Several analyses indicate that similar regime shifts also occurred in the 1920s and 1940s with alternating polarities (Kondo, 1988, Hare & Francis, 1995, Dettinger & Cayan, 1995; Zhang, Wallace & Battisti, 1997; Minobe, 1997; Mantua, Hare, Zhang, Wallace & Francis, 1997). Mantua et al. (1997) called the low-frequency variability associated with the regime shifts the Pacific (Inter) Decadal Oscillation (PDO). From the point of view of the representative time scale, Minobe (1999) described the low-frequency variability as a pentadecadal oscillation. All three climatic regime shifts observed in the 20th century have had a significant influence on the marine ecosystems, notably in dramatic changes of several stocks of commercial fish (i.e., Mantua et al., 1997; Kodama, Nagashima & Izumi, 1995; McGowan, Cayan & Dorman, 1998; Yasuda, Sugusaki, Watanabe, Minobe & Oo-zeki, 1999). The pentadecadal variability has also been detected in tree-ring records over the United States and Canada during the 18th and 19th centuries, but with a somewhat longer timescale (from 50–70 years) than the 50 year timescale observed in instrumental data in the present century (Ware, 1995, Minobe, 1997, Shabalova & Weber, 1999, Ware & Thomson, 2000).
The three climatic regime shifts are not only important scientific issues intrinsically, but are also important because of their influence on interannual climate variations. Minobe and Mantua (1999) showed that the interannual variability in the wintertime Aleutian low is strong in a regime with a stronger regime-mean Aleutian low, with coherent signatures in the SLP, 500 hPa geopotential height, SST, and wind fields. Gershunov and Barnett (1998) showed that the influence of El Niño and Southern Oscillation (ENSO) on North America is modulated by the regime shifts. Power, Casey, Folland, Colman and Mehta (1999) also indicated that the ENSO influence on Australian rainfall is dependent on the PDO.
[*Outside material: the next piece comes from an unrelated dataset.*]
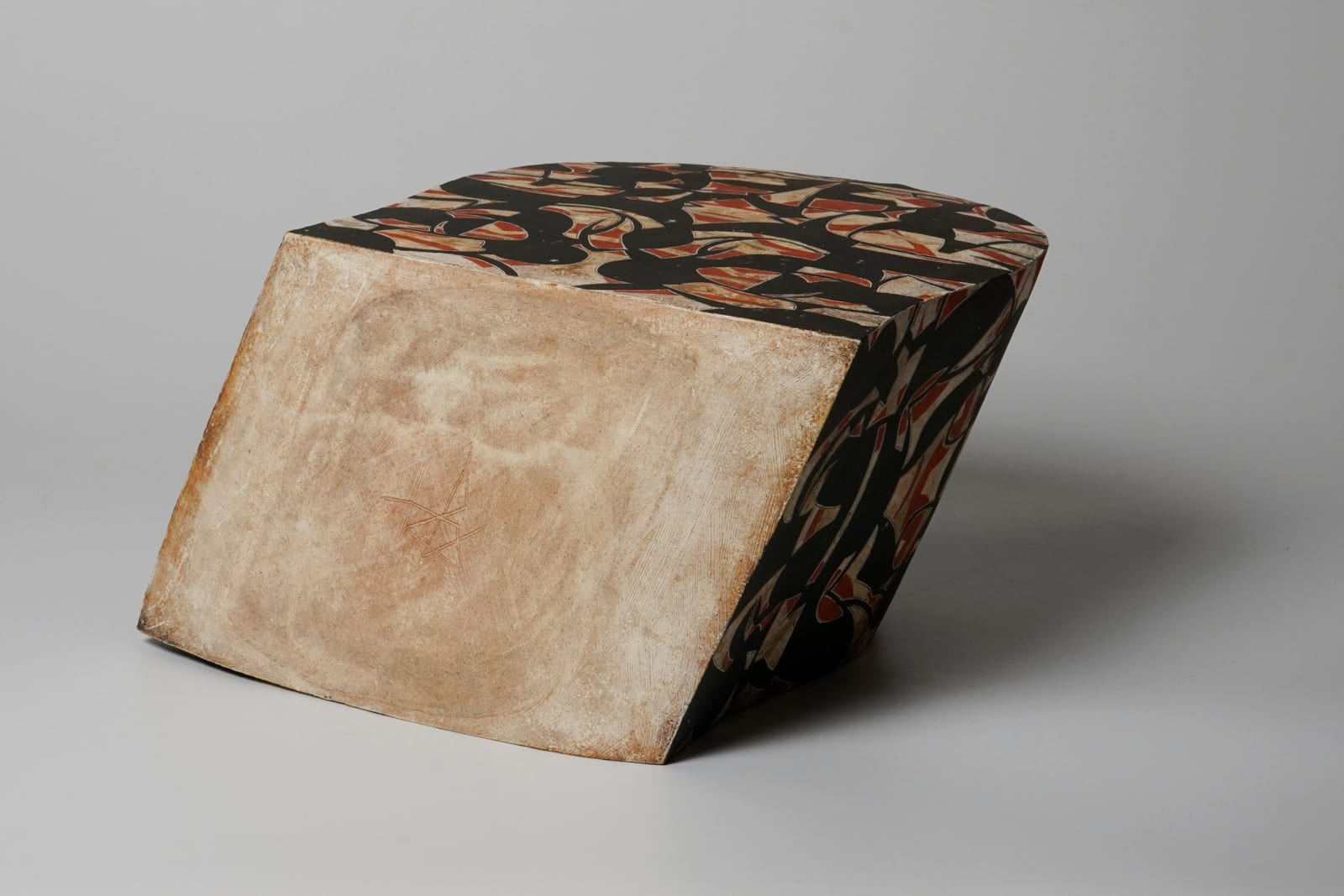 Wada Morihiro 和太守卑良, Vessel, Kei-Sen-Mon-Ki 繫千文器, circa 1992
An interesting feature of these regime shifts is the rapidity with which the transition from one regime to another occurs. Analyzing a representative SLP time series, the North Pacific Index (NPI) defined by Trenberth and Hurrell (1994), Minobe (1999) explained that all three climatic regime shifts in the 20th century have involved simultaneous phase reversals between the pentadecadal (a period of about 50 years) and bidecadal (a period of about 17 years) oscillations. An epoch of a regime is equivalent to a half period of the pentadecadal variation, and corresponds to one and half periods of the bidecadal variation. In other words, the pentadecadal and bidecadal oscillations are synchronized with a relative period of three. A wavelet analysis of the NPI revealed that the pentadecadal oscillation prevailed both in the winter and spring, but the bidecadal oscillation occurred only in the winter. From these seasonal differences between the bidecadal and pentadecadal variations, it has been inferred that these two climate oscillations are generated by different mechanisms. The bidecadal variability over the North Pacific has been analyzed from various aspects; Royer (1989) first reported the bidecadal variability from an analysis of air and water-temperatures in Alaska. The upper water temperature, or mixed layer depth, was reported to exhibit the bidecadal signal (Lagerloef, 1995, Polovina et al., 1995, Tourre et al., 1999), and bidecadal variations were also detected in analyses of basin-scale or global surface temperature and/or SLP (Ghil & Vautard, 1991, Kawamura, 1994, Polovina et al., 1995, Mann & Park, 1994, Mann & Park, 1996, White & Cayan, 1998; Zhang, Sheng & Shabbar, 1998; Tourre et al., 1999).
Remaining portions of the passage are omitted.